_What you are asked to do_: Copy exactly the lines of the records below, starting at the line that contains "ราคา คาร์เนชัน ครีมเทียมข้นหวาน" and continuing through the last line, both included; omit any pictures.

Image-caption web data
###
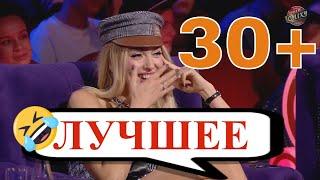 30+ - подборка лучших выступлений на Лиге Смеха! Лучшие приколы и смех до слёз!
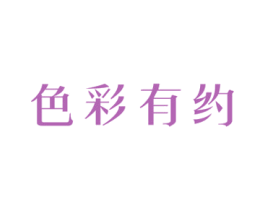 色彩有约 第3类化妆品商标图样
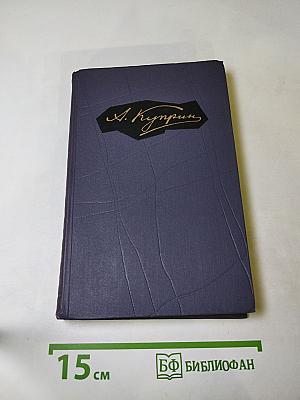 Собрание сочинений в девяти томах. Том 3. Произведения 1901-1905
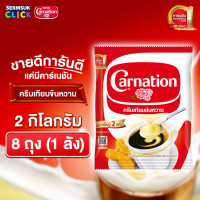 ราคา คาร์เนชัน ครีมเทียมข้นหวาน 2 กิโลกรัม 1X8 จำนวน 1 ลัง รวม 8 ถุง Carnation Sweetened Beverage Creamer 2 kg x 8 pouch (25363413278)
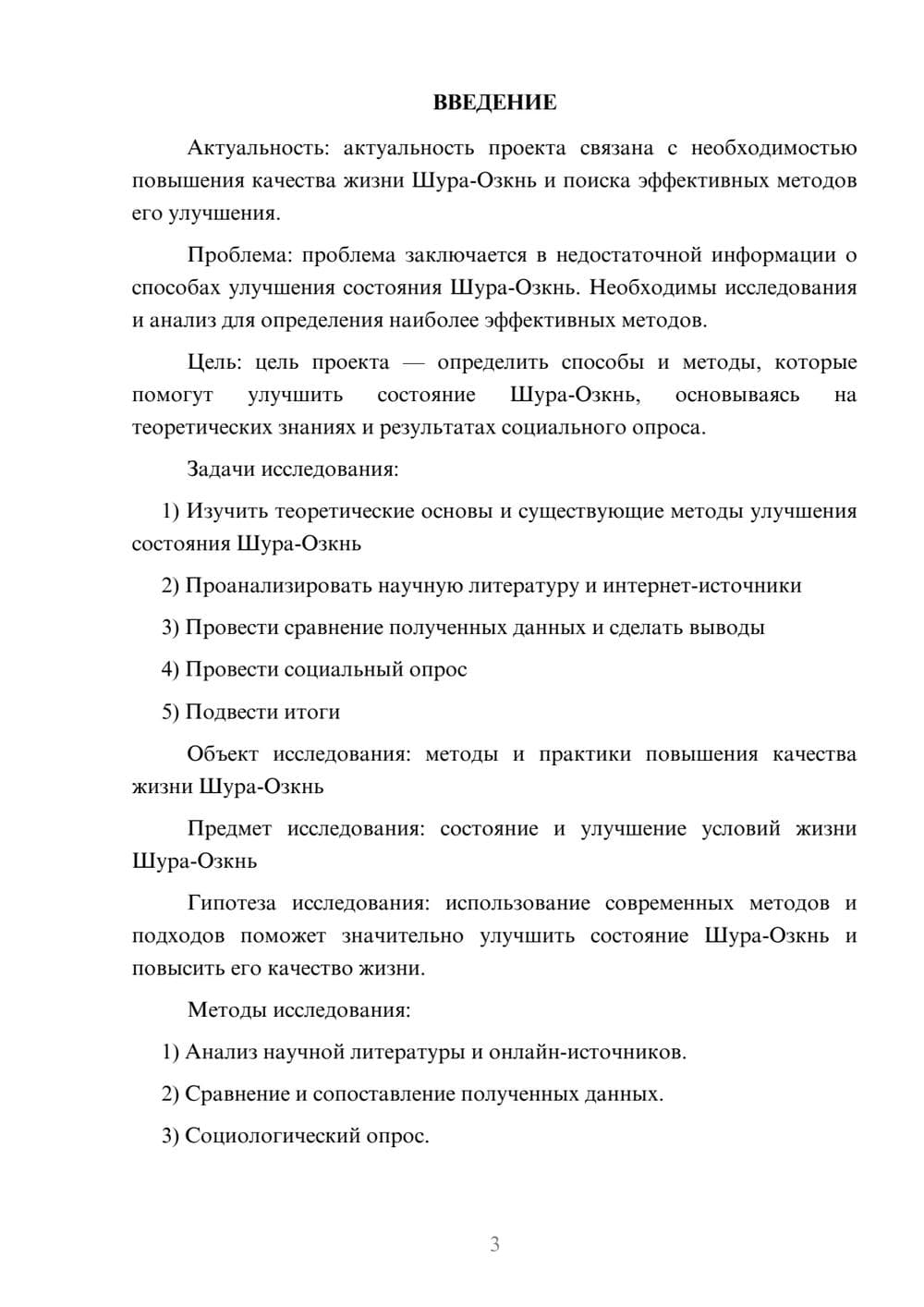 Предпросмотр проекта 3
###
_The completed task_:
 ราคา คาร์เนชัน ครีมเทียมข้นหวาน 2 กิโลกรัม 1X8 จำนวน 1 ลัง รวม 8 ถุง Carnation Sweetened Beverage Creamer 2 kg x 8 pouch (25363413278)
 Предпросмотр проекта 3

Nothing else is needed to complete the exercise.